Still only 19, Taylor later claimed she’d essentially hustled her way onto the record after West brought her to the studio to discuss fashion. “Even though the invite really was to check out clothes, I had told myself I was going to get on that album – whether he knew or not,” she told Complex in 2012. “He started playing his album and I start humming and doing some little runs to what I’m hearing ... I knew what I was doing!”
West added her voice to the songs “Hell of a Life” and “Dark Fantasy,” with Taylor saying of the latter: “At the time it was pretty empty, just verses. He put me in another room by myself and said, ‘Go.’ I came back with a whole intro and chorus.”

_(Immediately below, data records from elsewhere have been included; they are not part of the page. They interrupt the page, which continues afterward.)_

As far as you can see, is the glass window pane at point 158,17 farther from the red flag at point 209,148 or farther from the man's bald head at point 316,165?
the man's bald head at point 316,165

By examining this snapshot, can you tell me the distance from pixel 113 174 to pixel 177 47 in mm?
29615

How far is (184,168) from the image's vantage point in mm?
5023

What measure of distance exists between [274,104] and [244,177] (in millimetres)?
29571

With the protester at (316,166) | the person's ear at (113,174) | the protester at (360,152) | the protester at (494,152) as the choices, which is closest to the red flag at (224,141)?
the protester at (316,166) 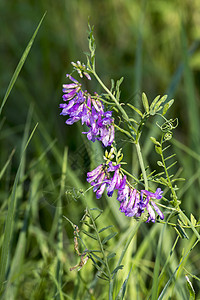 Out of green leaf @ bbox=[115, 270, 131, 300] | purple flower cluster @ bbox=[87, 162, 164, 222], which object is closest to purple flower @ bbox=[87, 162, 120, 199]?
purple flower cluster @ bbox=[87, 162, 164, 222]

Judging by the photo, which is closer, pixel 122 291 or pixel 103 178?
pixel 103 178

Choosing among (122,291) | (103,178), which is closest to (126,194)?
(103,178)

Taylor continued to collaborate with West for many years after that, with the rapper signing her to his G.O.O.D. Music label and producing her 2018 album K.T.S.E. (Keep That Same Energy). Speaking about West’s fall from grace after his antisemitic rants and many other controversies, Taylor told Vanity Fair she still considers him family. “I don’t have to agree with everything that he do or say, but I’m not going to, like, abandon him and be like, ‘Yeah, eff that motherf***er,’” she said. “My brothers do s*** that I don’t agree with ... I don’t get into none of that.”

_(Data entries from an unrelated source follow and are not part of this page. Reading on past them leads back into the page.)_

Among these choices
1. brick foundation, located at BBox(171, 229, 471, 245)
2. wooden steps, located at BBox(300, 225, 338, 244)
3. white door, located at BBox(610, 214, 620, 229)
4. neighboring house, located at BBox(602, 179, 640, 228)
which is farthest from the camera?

Acting, awards and a return to music
In 2020, Taylor announced in an Instagram post that she was stepping away from the music industry to concentrate on acting. She had a small part as the daughter of Wesley Snipes’ General Izzi in comedy sequel Coming 2 America the following year, but it was her lead role in 2023 family drama A Thousand and One that caught the eye of directors everywhere. Cast as Inez, a woman who kidnaps a six-year-old boy from foster care, Taylor proved herself to be a deep and compelling leading actor of significant talent.

It was drama in her own personal life that brought Taylor back to music. In 2023, she split with former NBA player Iman Shumpert, her husband of seven years and the father of her two daughters, 10-year-old Junie and five-year-old Rue. In the wake of their breakup, she wrote and recorded a new album, Escape Room, which earned her the best reviews of her career along with a Grammy nomination for Best R&B Album. She released it along with a short film featuring her then-boyfriend, Mufasa star Aaron Pierre, telling Variety it was inspired by “that journey we all take through the shadows of heartbreak.”

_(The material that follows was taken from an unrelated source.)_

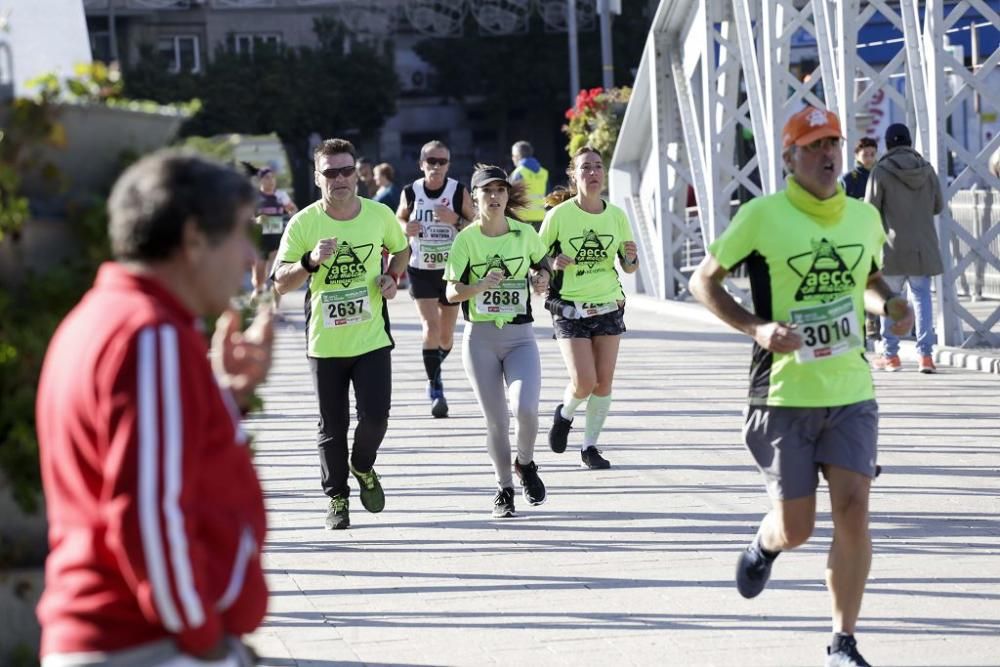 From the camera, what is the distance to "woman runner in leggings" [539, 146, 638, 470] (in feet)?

Whether she’ll be able to keep balancing music with her burgeoning acting career remains to be seen. Certainly, Hollywood plans to keep her busy. This month, she stars as a detective alongside Ben Affleck and Matt Damon in the Netflix action movie The Rip, after which she’ll be seen in the upcoming Kevin Hart comedy 72 Hours.
She also had a key role in the critically derided but commercially successful legal drama All’s Fair, starring alongside West’s former partner Kim Kardashian, and will return for the show’s second season. Before then, on 24 January, Taylor will head home to New York to host Saturday Night Live for the first time.

If that sounds like a daunting schedule, consider that on top of all that, Taylor is also currently enrolled as a student at the prestigious Auguste Escoffier School of Culinary Arts. That’s proof of a formidable work ethic, even if she did reveal on the Globes red carpet that she’d had to ask the chef instructing her for an extension on her latest project. She assured her interviewer that she wouldn’t let the deafening awards season buzz distract her from her cooking. “I’m a straight-A student,” she told E! News, “And I want to keep it that way.”
Right now, Taylor seems to be scoring straight As wherever she puts her attention. After she won her Golden Globe, she delivered an endearing speech that opened with a shout-out to her daughters. “My babies are upstairs watching!” she exclaimed. “Y’all better be off those damn phones and watching me right now!”
Globes wins have historically been good indicators of Oscars success, and coupled with the way Taylor charmed the audience in the room, many industry insiders are convinced the Academy Award is as good as hers. With a bit of luck at the Grammys, she could be halfway to an EGOT in a couple of months. Beyoncé had it right two decades ago when she called Teyana Taylor a star. The rest of the world is just catching up.